Ini kisah seorang teman yang berkisah tentang temannya yang punya teman.
Bongkeng, seorang buruh pabrik kacangan pinggiran kota kecil. Kecil gaji yang didapatnya hanya cukup untuk makan dirinya, seorang istri dan anak lima. Lima belas tahun tinggal di sebuah rumah tipe dua satu yang atapnya bocor segala penjuru angin. Angin duduk, angin selonjor, angin senden dan angin yang lain adalah kawan karib bagi Bongkeng Family.
Hari-hari hidupnya dijalani  dengan 'day by day'alias pas-pasan. Pas-pasan gaji yang didapat pun masih nggak cukup untuk makan. Makan tiga kali sehari bagi Bongkeng adalah kemewahan. Kemewahan seorang buruh rendahan yang tetap bisa bahagia dan menolak putus asa. Putus asa hanya untuk pecundang, katanya.
Oh iya, Bongkeng itu nama masa remajanya. Nama kebesaran masa lalu saat masih aktif di jamaah tawuran syariah. Nama aslinya sebenarnya Bongky Sugendon. Dijuluki Bongkeng karena otaknya agak bongkeng alias somplak. Tapi meskipun begitu dia baik, jujur, setia kawan dan...suka makan laler ijo.
Bongkeng adalah tipe manusia eceran. Karena mampunya hanya membeli produk yang  eceran--> sabun eceran, shampo sachetan, pulsa lima ribuan, rokok ketengan, beli beras pun tidak pernah lebih dari dua kiloan. Dia tidak pernah mampu beli produk yang sifatnya paketan apalagi grosiran.
Kehidupan ekonominya senin kemis, tirakat all the time. Berhutang sudah mendarah daging di dalam kehidupannya. Makanya resolusi tahun barunya di tahun 2018 ini sederhana: bebas dari hutang. Resolusi yang singkat, padat, dan....salah. Itu karena Bongkeng tahu diri. Dia memahami dosisnya. Bukan kayak anak yang nilai ujiannya jeblok tapi minta dibelikan motor.
Bulan besar adalah 'bulan petaka' bagi buruh rendahan seperti Bongkeng. Di bulan-bulan itu banyak sekali acara pernikahan yang tentu juga banyak yang harus disumbang. Apesnya di dunia kerja nggak ada tunjangan resepsi. Ada uang atau tidak ada uang harus nyumbang. Padahal dirinya lebih layak di posisi yang disumbang (karena masuk nominasi Kere of the Year).

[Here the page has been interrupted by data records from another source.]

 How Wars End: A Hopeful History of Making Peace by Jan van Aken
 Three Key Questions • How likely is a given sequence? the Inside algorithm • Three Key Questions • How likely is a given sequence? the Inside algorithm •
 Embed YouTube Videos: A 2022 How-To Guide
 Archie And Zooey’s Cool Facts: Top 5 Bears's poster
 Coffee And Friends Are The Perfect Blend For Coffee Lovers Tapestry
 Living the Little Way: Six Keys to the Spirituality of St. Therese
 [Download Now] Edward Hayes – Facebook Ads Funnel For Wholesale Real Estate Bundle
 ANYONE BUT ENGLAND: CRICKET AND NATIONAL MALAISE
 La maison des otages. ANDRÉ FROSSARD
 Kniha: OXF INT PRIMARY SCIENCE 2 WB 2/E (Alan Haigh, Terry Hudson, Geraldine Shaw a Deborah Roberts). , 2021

Sumbangan seperti itu harusnya sukarela, tidak ada paksaan untuk melakukannya. Tapi dalam soal ini, orang seperti Bongkeng 'dipaksa' harus menyumbang, ada atau tidak ada uang. Â Maka jangan heran kalau ada orang yang datang kondangan bawah amplop tapi isinya kosong melompong. Ada yang tidak datang karena malu tidak bisa menyumbang, kalau datang takut dituduh sebagai pemilik amplop kosong tadi. Dan Bongkeng lebih banyak melakukan yang kedua. Terpaksa.
Soal sumbang-menyumbang ini cukup membuat Bongkeng mumet ndase. Walaupun dia ndlahom tapi masih sedikit paham agama. Baginya, menyumbang itu memberikan uang atau barang pada orang yang miskin atau yang sedang dilanda bencana. Tapi apa yang terjadi sekarang sungguh jauh berbeda. Mereka menyumbang pada orang yang mampu secara finansial.

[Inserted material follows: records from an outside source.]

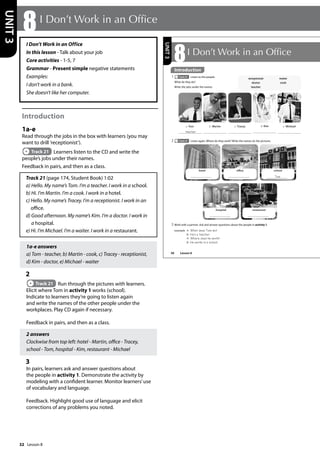 32
I Don’t Work in an Office
In this lesson - Talk about your job
Core activities - 1-5, 7
Grammar - Present simple negative statements
Examples:
I don’t work in a bank.
She doesn’t like her computer.
Introduction
1a-e
Read through the jobs in the box with learners (you may
want to drill ’receptionist’).
Track 21 Learners listen to the CD and write the
people’s jobs under their names.
Feedback in pairs, and then as a class.
Track 21 (page 174, Student Book) 1:02
a) Hello. My name’s Tom. I’m a teacher. I work in a school.
b) Hi. I’m Martin. I’m a cook. I work in a hotel.
c) Hello. My name’s Tracey. I’m a receptionist. I work in an
office.
d) Good afternoon. My name’s Kim. I’m a doctor. I work in
a hospital.
e) Hi. I’m Michael. I’m a waiter. I work in a restaurant.
1a-e answers
a) Tom - teacher, b) Martin - cook, c) Tracey - receptionist,
d) Kim - doctor, e) Michael - waiter
2
Track 21 Run through the pictures with learners.
Elicit where Tom in activity 1 works (school).
Indicate to learners they’re going to listen again
and write the names of the other people under the
workplaces. Play CD again if necessary.
Feedback in pairs, and then as a class.
2 answers
Clockwise from top left: hotel - Martin, office - Tracey,
school - Tom, hospital - Kim, restaurant - Michael
3
In pairs, learners ask and answer questions about
the people in activity 1. Demonstrate the activity by
modeling with a confident learner. Monitor learners’use
of vocabulary and language.
Feedback. Highlight good use of language and elicit
corrections of any problems you noted.
8I Don’t Work in an Office
UNIT
3
38
8I Don’t Work in an Ofce
Introduction
1 Track 21 Listen to the people.
What do they do?
Write the jobs under the names.
2 Track 21 Listen again. Where do they work? Write the names on the pictures.
receptionist
doctor
teacher
waiter
cook
a Tom
teacher
d Kim
b Martin c Tracey e Michael
3 Work with a partner. Ask and answer questions about the people in activity 1.
example A: What does Tom do?
B: He‛s a teacher.
A: Where does he work?
B: He works in a school.
hotel office school
Tom
hospital restaurant
UNIT
3
Introduction
Lesson 8
Lesson 8
 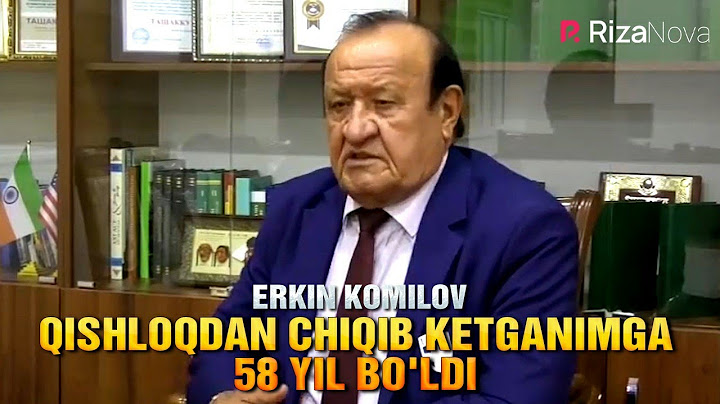 Erkin Komilov - Qishloqdan chiqib ketganimga 58 yil bo'ldi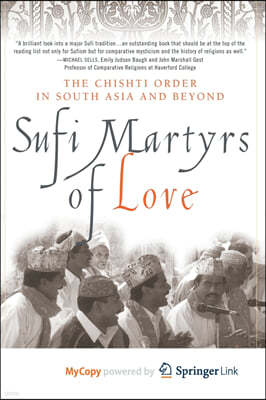 Sufi Martyrs of Love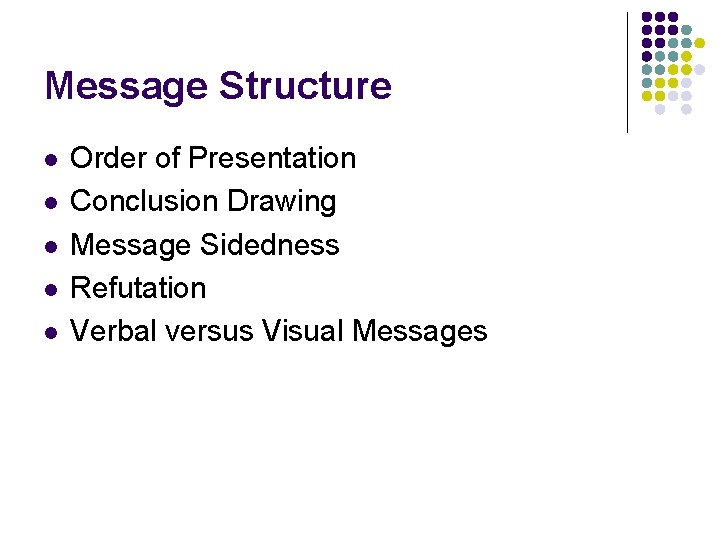 Message Structure l l l Order of Presentation Conclusion Drawing Message Sidedness Refutation Verbal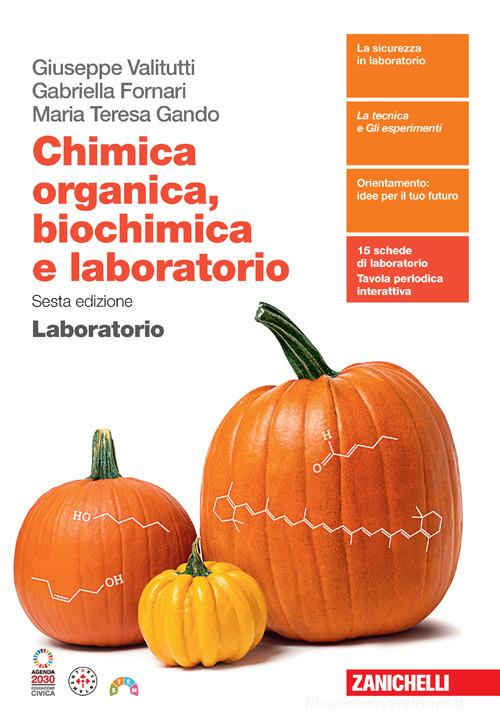 Chimica organica, biochimica e laboratorio. Laboratorio. Per le Scuole superiori. Con Contenuto digitale (fornito elettronicamente) di Giuseppe Valitutti, Gabriella Fornari, Maria Teresa Gando edito da Zanichelli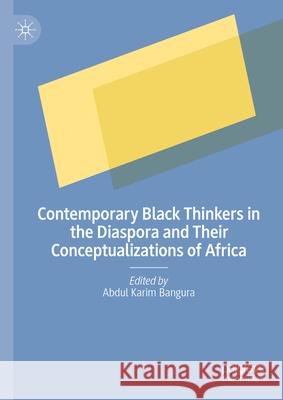 Contemporary Black Thinkers in the Diaspora and Their Conceptualizations of Africa Abdul Karim Bangura 9783031662768 Palgrave MacMillan - książka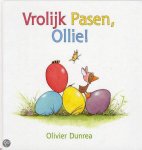 Olivier Dunrea - Vrolijk Pasen Ollie
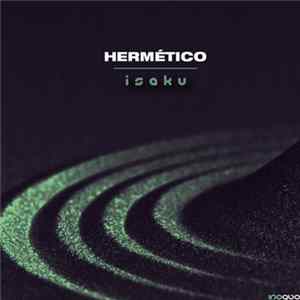 Hermético - Isaku FLAC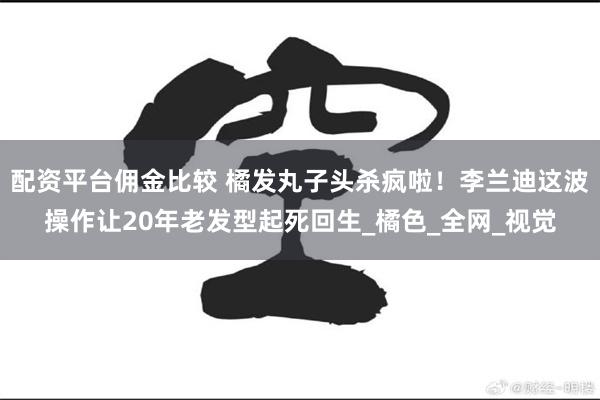配资平台佣金比较 橘发丸子头杀疯啦！李兰迪这波操作让20年老发型起死回生_橘色_全网_视觉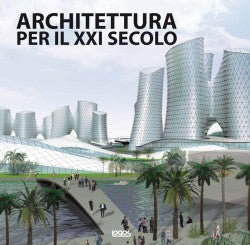 ARCHITETTURA PER IL XXI SECOLO - LOGOS Miglior Prezzo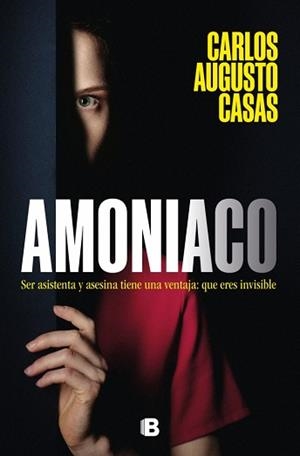 AMONIACO | 9788466681513 | CASAS, CARLOS AUGUSTO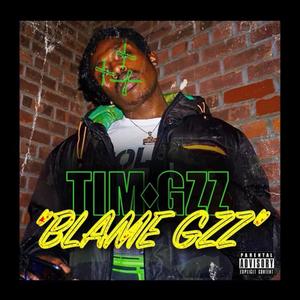 Blame Gzz (Explicit)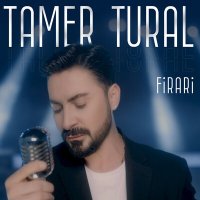 Tamer Tural - Firari слушать песню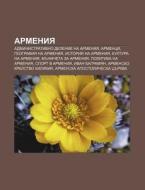 Armeniya: Administrativno Delenie Na Arm di Iztochnik Wikipedia edito da Books LLC, Wiki Series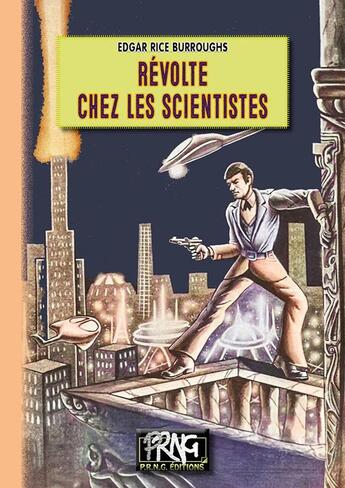 Couverture du livre « Révolte chez les Scientistes » de Edgar Rice Burroughs aux éditions Prng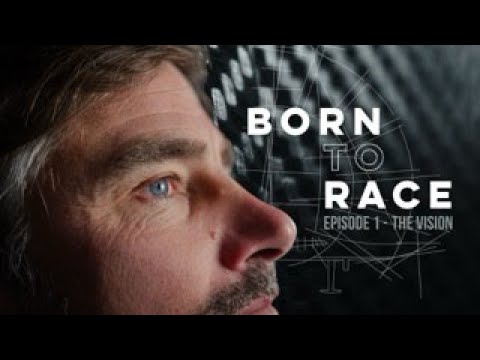 Born to Race: Episode 1 - The Vision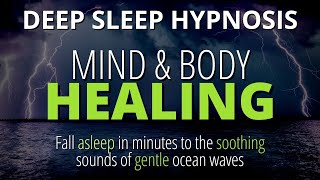 Deep Sleep Hypnosis Strong For Mind and Body Healing Black Screen Ocean Waves [upl. by Harriot104]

Salah kaprah sudah mendarah daging. Di acara resepsi, orang menyumbang tidak dari hati, tapi demi kebutuhan gengsi. Dan ternyata menyumbang berbeda jauh dengan menyedekahi. Sedekah itu soal hati, sedangkan menyumbang itu soal harga diri. Akhirnya banyak dari mereka yang hidupnya pas-pasan memaksakan diri menyumbang.
Bongkeng adalah salah satu dari jutaan orang yang  jadi 'korban' dari keambiguan budaya sumbang-menyumbang di acara resepsi pernikahan, aqiqahan, dan khitanan. Orang merayakan sesuatu itu khan karena punya keluasan ekonomi. Lha kok malah disumbang? Mungking uang lebih praktis daripada kado, tapi tetap itu bukan perkara wajib.